**DATA RECORDS**:
┄┄┄┄┄┄┄┄┄┄┄┄┄┄┄┄┄┄┄┄
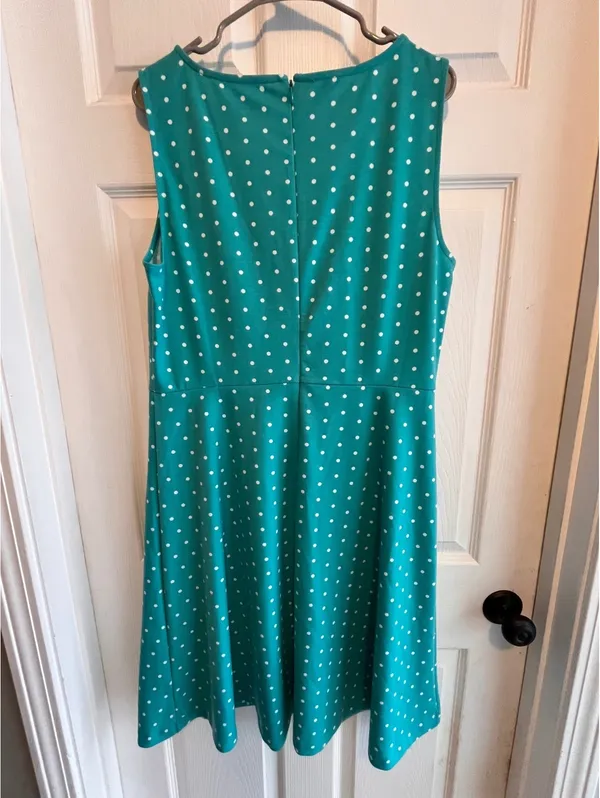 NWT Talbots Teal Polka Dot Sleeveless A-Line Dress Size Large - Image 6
┄┄┄┄┄┄┄┄┄┄┄┄┄┄┄┄┄┄┄┄
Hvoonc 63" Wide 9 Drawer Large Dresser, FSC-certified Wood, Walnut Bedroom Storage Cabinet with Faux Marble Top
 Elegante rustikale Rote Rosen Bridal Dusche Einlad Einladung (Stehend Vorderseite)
┄┄┄┄┄┄┄┄┄┄┄┄┄┄┄┄┄┄┄┄
**WORK TO COMPLETE**: Please return only the lines above, starting at the line that has "Faux Marble Top" and ending at the line that has "Elegante rustikale Rote", keeping both and leaving each one unchanged.

**FINISHED EXERCISE**:
Hvoonc 63" Wide 9 Drawer Large Dresser, FSC-certified Wood, Walnut Bedroom Storage Cabinet with Faux Marble Top
 Elegante rustikale Rote Rosen Bridal Dusche Einlad Einladung (Stehend Vorderseite)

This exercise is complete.